I was at this concert several years ago and it was recorded live. Great concert and recording! Listen at the end of the symphony and that is me leading the applause. I think I got it just right, about a second before anyone else. Plus it didn't step on his toes at all. What do you think of my timing on this recording?


----------



## Badinerie (May 3, 2008)

The great curse of the live recorded concert or opera is the "Consumptives Chorus" who try their best to get their TB like tones immortalised. Closely followed by the 'Shush Nazis' who go at like demonic air brakes on an articulated lorry from hell whenever anyone so much as look like speaking. Its the price we pay I suppose for supporting live music. At least its not as bad as at a Jazz club where the audience are wont to whoop and applaud after every bloomin solo, good bad or indifferent! Its kept me out of Jazz clubs for decades now. As far as Dress code is concerned "Smart Casual" is perfectly acceptable to me at the Opera or the Concert.


----------



## guythegreg (Jun 15, 2012)

Oh, is this post back open?
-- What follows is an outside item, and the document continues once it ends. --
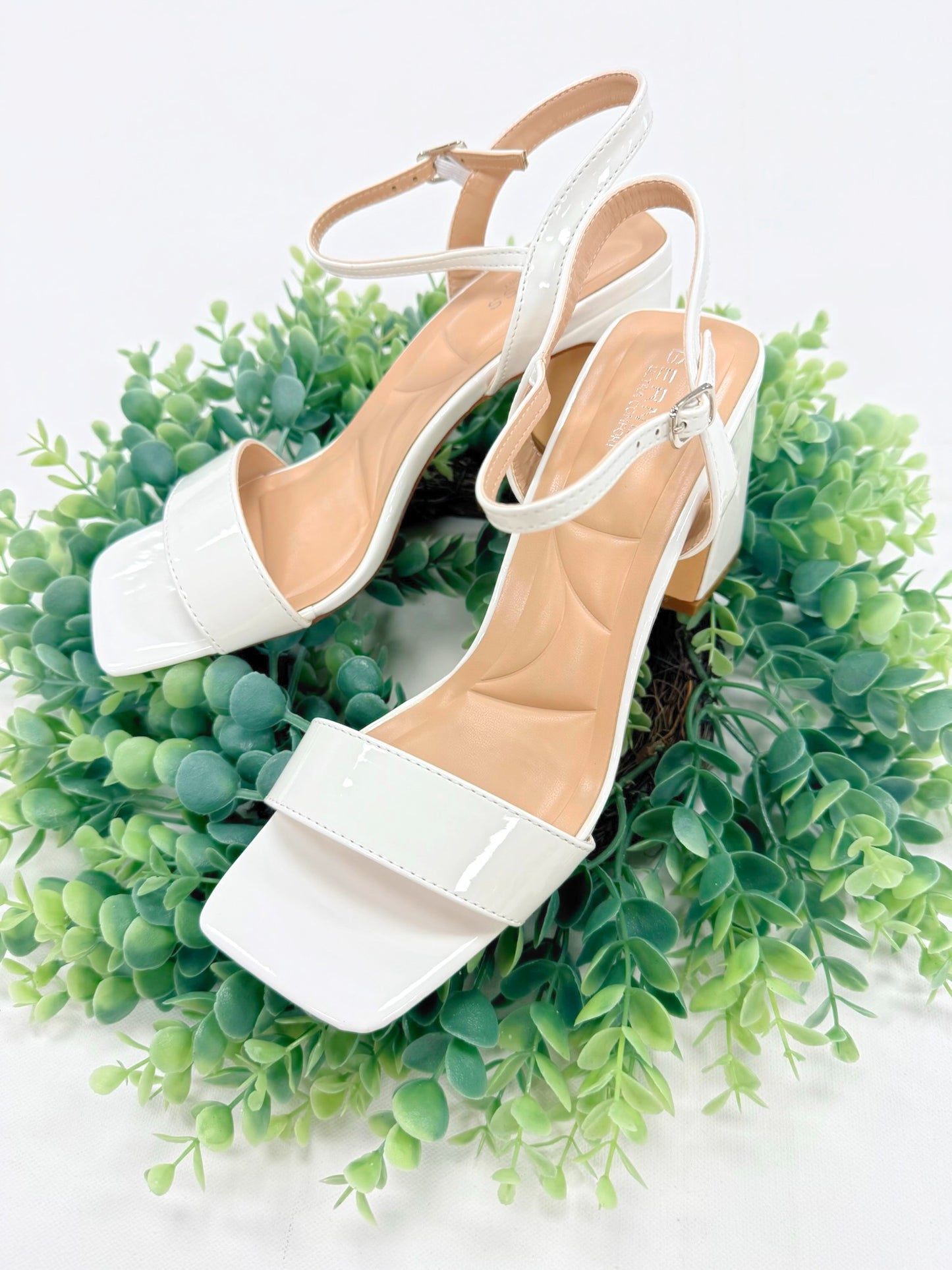 Berness Cross Heel
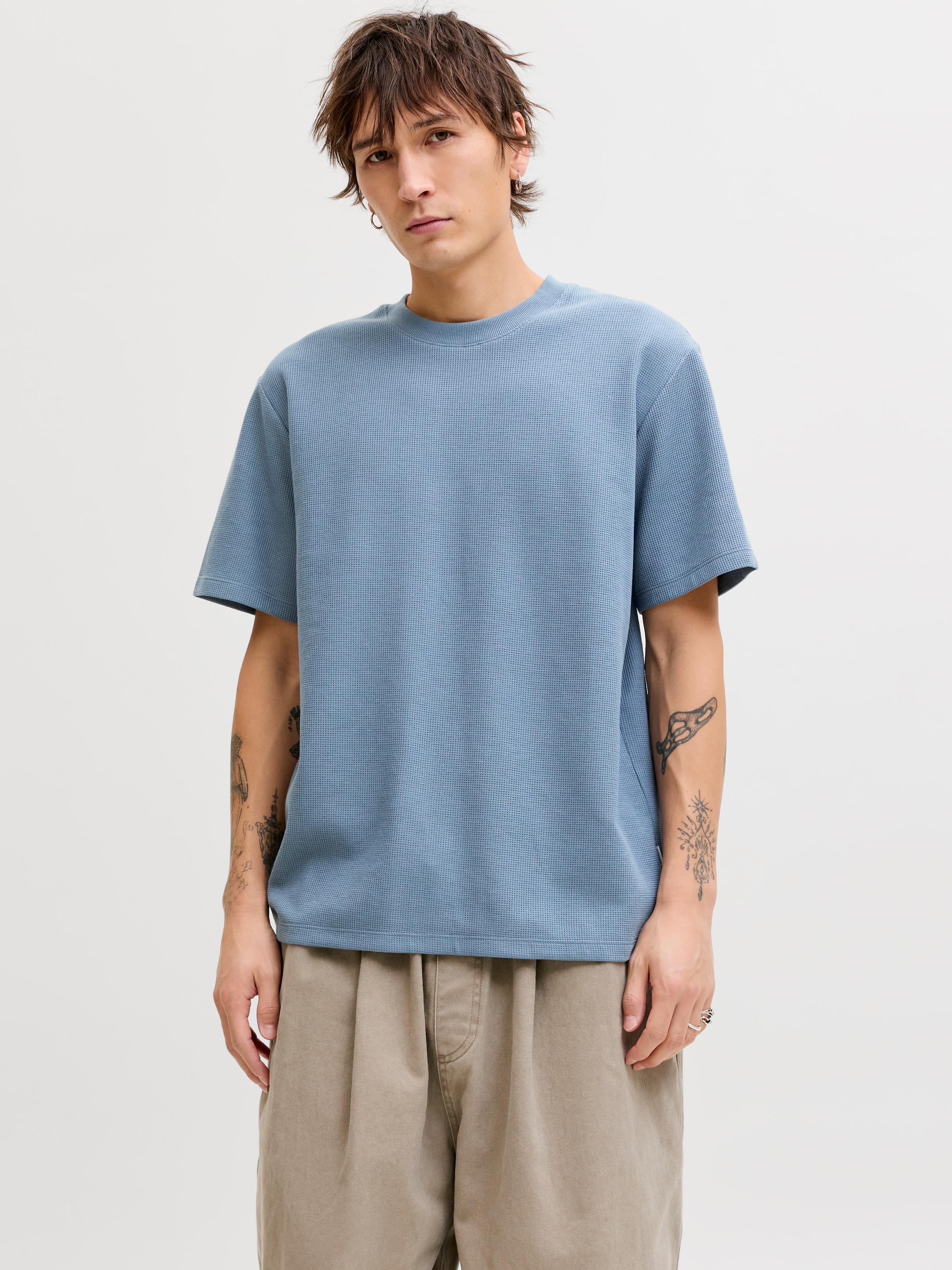 Jack & Jones Shirt à col rond »JJEAUSTIN TEE SS NOOS« Materialmix, relaxed fit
Well, I have nothing to say.


----------



## mamascarlatti (Sep 23, 2009)

The woman next to me at Messiah tonight beat time audibly and not entirely accurately the whole way through. I'm just home and I still have murder in my heart.


----------



## guythegreg (Jun 15, 2012)

mamascarlatti said:


> The woman next to me at Messiah tonight beat time audibly and not entirely accurately the whole way through. I'm just home and I still have murder in my heart.


Release the budgies.


----------



## Cavaradossi (Aug 2, 2012)

mamascarlatti said:


> The woman next to me at Messiah tonight beat time audibly and not entirely accurately the whole way through. I'm just home and I still have murder in my heart.
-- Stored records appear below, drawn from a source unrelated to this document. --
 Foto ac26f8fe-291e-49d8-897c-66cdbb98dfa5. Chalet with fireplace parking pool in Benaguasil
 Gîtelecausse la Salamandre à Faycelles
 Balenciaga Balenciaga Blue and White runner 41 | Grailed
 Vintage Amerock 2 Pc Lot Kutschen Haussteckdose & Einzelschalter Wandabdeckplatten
Oh you poor thing. That may be one of the unfortunate side effects of the proliferation of Sing-Along Messiahs in the last few decades: everyone's a chorister. I was at ours (on the orchestra side, not the chorus) last night, another performance tonight.


----------



## mitchflorida (Apr 24, 2012)

Next time, bring Mace with you. A little squirt in her face will fix things.


----------



## sospiro (Apr 3, 2010)

mamascarlatti said:


> The woman next to me at Messiah tonight beat time audibly and not entirely accurately the whole way through. I'm just home and I still have murder in my heart.


That's awful


----------



## mamascarlatti (Sep 23, 2009)

Yes it was sad because it was a very fine performance, particularly the wonderful soprano.


----------



## mitchflorida (Apr 24, 2012)

did you say anything to her?


----------



## mamascarlatti (Sep 23, 2009)

No, i just hid her from my sight with my programme at the side of my head. My standard tactic in cases like this. Every time I peeked, there she was, tapping away.


----------



## Couchie (Dec 9, 2010)

How are you supposed to glare menacingly if you have a programme at the side of your head?


----------



## mitchflorida (Apr 24, 2012)

I guess she was supposed to have ESP and understand it really annoyed you.
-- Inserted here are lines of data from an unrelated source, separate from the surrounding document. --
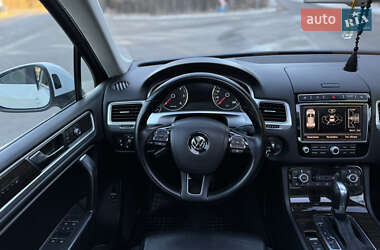 Внедорожник / Кроссовер Volkswagen Touareg 2015 в Луцке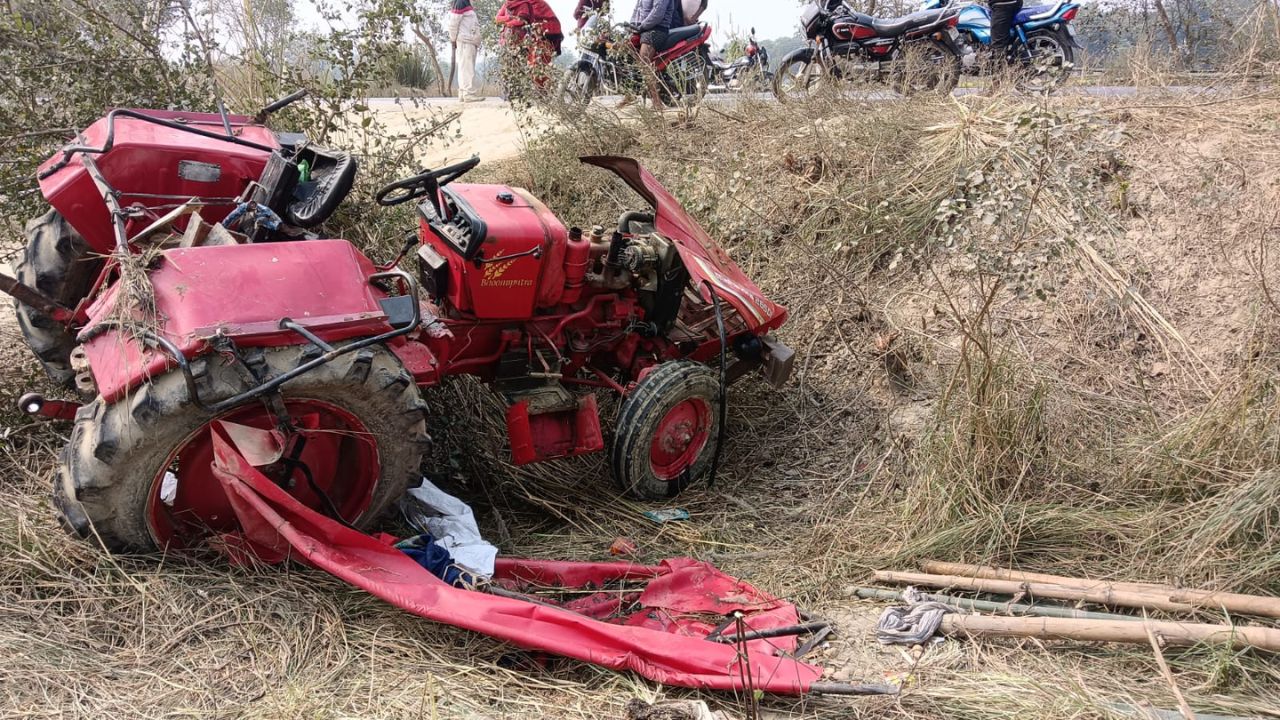 Fatehpur Crime: खंदक में पलटा बांस लदा ट्रैक्टर, दो की मौत, दो गंभीर घायल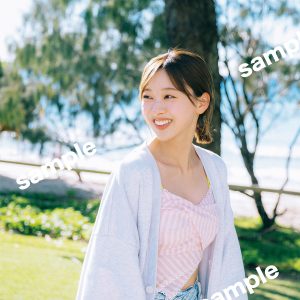 日向坂46富田鈴花、神々しいブルーの水着カット解禁！YouTube生配信当日限定特典公開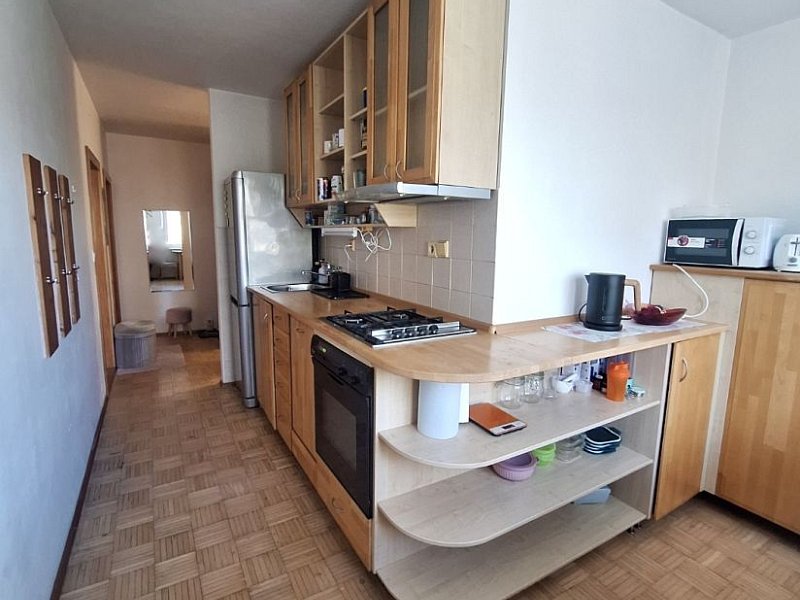NA PRENÁJOM 2 IZBOVÝ BYT, LODŽIA, PREŠOV, SÍDLISKO III, VL. CLEMENTISA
Gotta blame you on this one. You should ask once very courteously for her to stop. If it doesn't and it is driving you crazy find an empty seat.


----------



## mamascarlatti (Sep 23, 2009)

aagh you are probably right.


----------



## Badinerie (May 3, 2008)

How does your local venue feel about Bitch-slapping? :lol:


----------



## moody (Nov 5, 2011)

mitchflorida said:


> I was at this concert several years ago and it was recorded live. Great concert and recording! Listen at the end of the symphony and that is me leading the applause. I think I got it just right, about a second before anyone else. Plus it didn't step on his toes at all. What do you think of my timing on this recording?
> 
> View attachment 10806


I think that this is an amazing post. I wish I could have my time over again so that I might emulate you.


----------



## Moira (Apr 1, 2012)

mitchflorida said:


> I guess she was supposed to have ESP and understand it really annoyed you.
> 
> Gotta blame you on this one. You should ask once very courteously for her to stop. If it doesn't and it is driving you crazy find an empty seat.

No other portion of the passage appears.